[Exercise brief]
Extract each line of the data and write it out again exactly.

====== Available data ======

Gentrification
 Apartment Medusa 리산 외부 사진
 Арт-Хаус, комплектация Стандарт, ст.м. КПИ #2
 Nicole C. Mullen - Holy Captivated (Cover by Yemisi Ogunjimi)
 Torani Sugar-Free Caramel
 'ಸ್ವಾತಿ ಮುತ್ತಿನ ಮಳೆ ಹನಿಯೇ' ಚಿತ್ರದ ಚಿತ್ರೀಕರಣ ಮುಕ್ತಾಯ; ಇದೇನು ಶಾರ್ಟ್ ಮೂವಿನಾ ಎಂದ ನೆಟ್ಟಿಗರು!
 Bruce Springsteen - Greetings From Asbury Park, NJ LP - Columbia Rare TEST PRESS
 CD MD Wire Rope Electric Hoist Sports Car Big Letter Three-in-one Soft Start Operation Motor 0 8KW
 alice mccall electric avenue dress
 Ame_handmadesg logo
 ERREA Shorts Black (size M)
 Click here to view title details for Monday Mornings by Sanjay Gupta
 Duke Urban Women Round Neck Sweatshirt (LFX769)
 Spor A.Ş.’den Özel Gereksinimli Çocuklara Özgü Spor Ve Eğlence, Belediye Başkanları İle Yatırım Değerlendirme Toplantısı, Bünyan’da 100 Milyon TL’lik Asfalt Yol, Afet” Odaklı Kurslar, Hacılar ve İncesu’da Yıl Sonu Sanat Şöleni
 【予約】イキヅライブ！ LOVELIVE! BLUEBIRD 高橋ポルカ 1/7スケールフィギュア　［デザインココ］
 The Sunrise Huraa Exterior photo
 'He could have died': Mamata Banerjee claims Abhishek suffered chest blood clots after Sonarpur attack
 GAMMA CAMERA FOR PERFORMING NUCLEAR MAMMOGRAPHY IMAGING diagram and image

======

[Completed exercise]
Gentrification
 Apartment Medusa 리산 외부 사진
 Арт-Хаус, комплектация Стандарт, ст.м. КПИ #2
 Nicole C. Mullen - Holy Captivated (Cover by Yemisi Ogunjimi)
 Torani Sugar-Free Caramel
 'ಸ್ವಾತಿ ಮುತ್ತಿನ ಮಳೆ ಹನಿಯೇ' ಚಿತ್ರದ ಚಿತ್ರೀಕರಣ ಮುಕ್ತಾಯ; ಇದೇನು ಶಾರ್ಟ್ ಮೂವಿನಾ ಎಂದ ನೆಟ್ಟಿಗರು!
 Bruce Springsteen - Greetings From Asbury Park, NJ LP - Columbia Rare TEST PRESS
 CD MD Wire Rope Electric Hoist Sports Car Big Letter Three-in-one Soft Start Operation Motor 0 8KW
 alice mccall electric avenue dress
 Ame_handmadesg logo
 ERREA Shorts Black (size M)
 Click here to view title details for Monday Mornings by Sanjay Gupta
 Duke Urban Women Round Neck Sweatshirt (LFX769)
 Spor A.Ş.’den Özel Gereksinimli Çocuklara Özgü Spor Ve Eğlence, Belediye Başkanları İle Yatırım Değerlendirme Toplantısı, Bünyan’da 100 Milyon TL’lik Asfalt Yol, Afet” Odaklı Kurslar, Hacılar ve İncesu’da Yıl Sonu Sanat Şöleni
 【予約】イキヅライブ！ LOVELIVE! BLUEBIRD 高橋ポルカ 1/7スケールフィギュア　［デザインココ］
 The Sunrise Huraa Exterior photo
 'He could have died': Mamata Banerjee claims Abhishek suffered chest blood clots after Sonarpur attack
 GAMMA CAMERA FOR PERFORMING NUCLEAR MAMMOGRAPHY IMAGING diagram and image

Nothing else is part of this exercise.